I am torn apart in my mind, soul, and heart. Half of me just wants to go to sleep and never wake up again, because this is way too much to handle all at once. I had really thought she loved me so much, she couldn't stand to be without me, but well I did have signs in front of me that I failed to realize. She begged me, with the exact words "Khalil I am begging you, Please don't ever leave me, please, I'll do anything". I took that as a sign that she really missed me, and is actually believing that she wants a long term relationship that will never end.
Stupid Khalil, if I leave she has nobody that truly loves her and cares about her. Nobody. I would never leave, I seriously and honestly want to be with her forever. But now I have to wake up every morning and worry that maybe she did something bad to herself while I was sleeping, and completely have a panic attack when she doesn't sign on at the usual time of 6 to 7 p.m.
She wants somebody to hold her, to love her, to have sex with her, and use her, she wants love so badly, sex psychologically makes you believe that the person loves you, even if for those mins together.
As for the other half of me, I want to stick around, take everything upon myself, look to the future and the light, hold onto the hope that she will be ok, that I am just paranoid, making a big deal out of nothing, that because she never tells me what her parents do or say to her, that maybe my mind is searching for clues and making up conclusions. I don't know anymore. I want to believe so badly that she loves me because she wants to, that she wants to be with me, because it was her first choice, not her last resort, that her desires and feelings for me aren't tainted in any way by the tough time she is having in her life.

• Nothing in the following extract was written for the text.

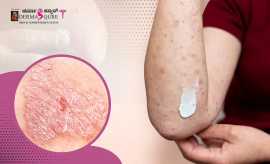 Effective Skin Psoriasis Treatment in Bangalore, Bengaluru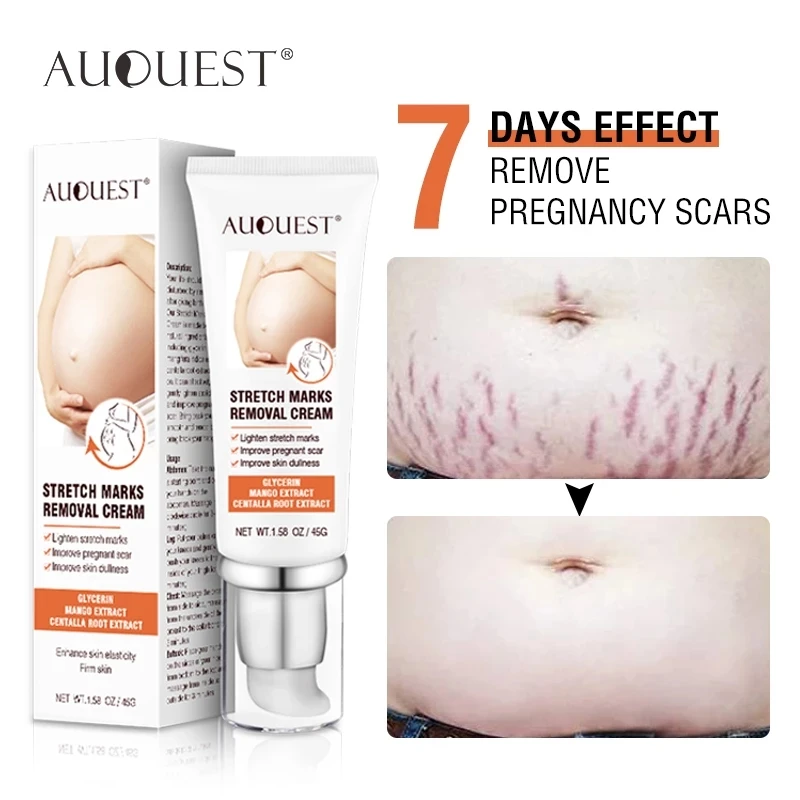 Permanent Women Stretch Marks Removal Buttock Breast Skin Care Pregnancy New Old Stretch Marks Cream For Maternity Body Care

Most of all I want to believe that she wants to be with me forever, that the words aren't just false hope, feed to me so I'll stick around until she pieces her life back together, then she will seriously realize she has people that truly love her, and just leave me in the cold dust to rot and die inside all over again.
I asked myself over and over again, what caused her to think herself fat, not beautiful, undesirable, unlovable, unwanted.
I know the answers now, and now I have to figure out what to do, I think weekends are the only time she doesn't talk to me. She hasn't signed in at all, I send her an e-mail, and out of nowhere she has already read it, and not said a word, even while I am on.
I am so tired of getting hurt, of having my heart break into a thousand pieces, I am going to stick this one out, and hope and pray to God she loves me for me, she wants to be with me because that's her desire, she wants me around forever and always because that's what she truly wants.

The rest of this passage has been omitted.